Is there mission driving your creative journey?
My business has been the best and the worst thing I’ve ever done. Early on I was really hungry and I took on any project that I could get my hands on. That led to me not liking the work at all. I had a period in my career where I wouldn’t touch a camera unless I was being paid to do it. Early on I was also not making enough money to live so I worked in other areas. I did a bunch of construction work, bartended and then became a firefighter and EMT, all while still making pictures and building little local company that was reasonably successful but not wildly so. I eventually went pro as a FF and medic and did 13 years between the two. During that time for the first time we had enough money to live. I used that status to do something super important in my career path that made it so much cooler and rewarding. I invested in a high end ad agency to help me create a marketing plan. (Allegory Studios) Their first step changed everything. They put me through an interview about who I am and …. What would I be professionally, if I could be whatever I wanted. I said” I want to travel the world, meet and shoot the most interesting people on earth.” I realized then that it was possible to shoot whatever I wanted and make a living at least. We then made a program that took me around the world a couple times so far and has me working for the ones that I always wanted to work for. We started only showing pictures of what I wanted to be shooting for money. Deep cultural environmental portraits in wild places. It led to me working with Outside Mag, National Geographic and just a ton of other guys that I thought were the highest levels.

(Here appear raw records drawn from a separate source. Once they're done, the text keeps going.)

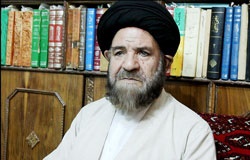 سیدهاشم بطحایی، نماینده تهران در مجلس خبرگان رهبری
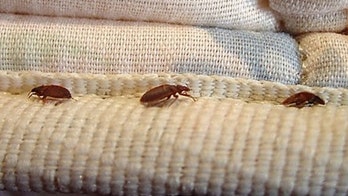 New York's Bed Bug Problem Spreading to London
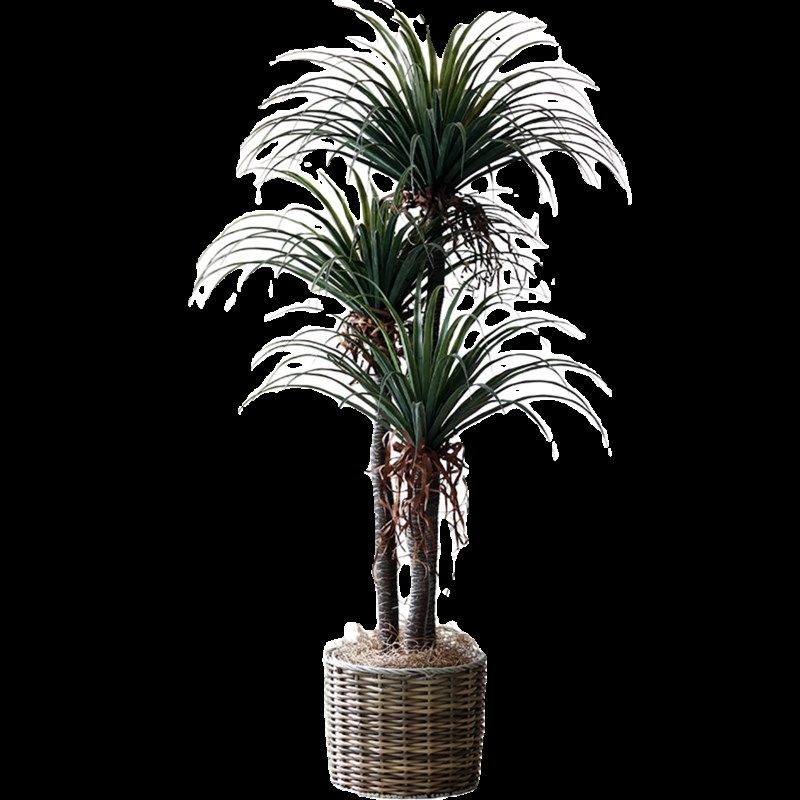 龙血树仿真绿植装饰盆景大型仿生假树植物N盆栽室内酒店橱窗摆件,淘宝优惠券,粉丝福利购,淘宝优惠卷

Last February I shot the Olympics in Beijing China. It was surreal and just an amazing experience. I call it dreaming out loud and a manifest destiny program that we deliberately drive in the direction of my interests. End result, I walk early work late and love it almost all the time. It’s not a job or a business. It’s me and some cameras. I hate when people say don’t be offended it’s just business. My business is a giant part of my life and the only thing more important is love. I have a philosophy that I like to share, my happiness is the result of accomplishment and the giving of love.
For you, what’s the most rewarding aspect of being a creative?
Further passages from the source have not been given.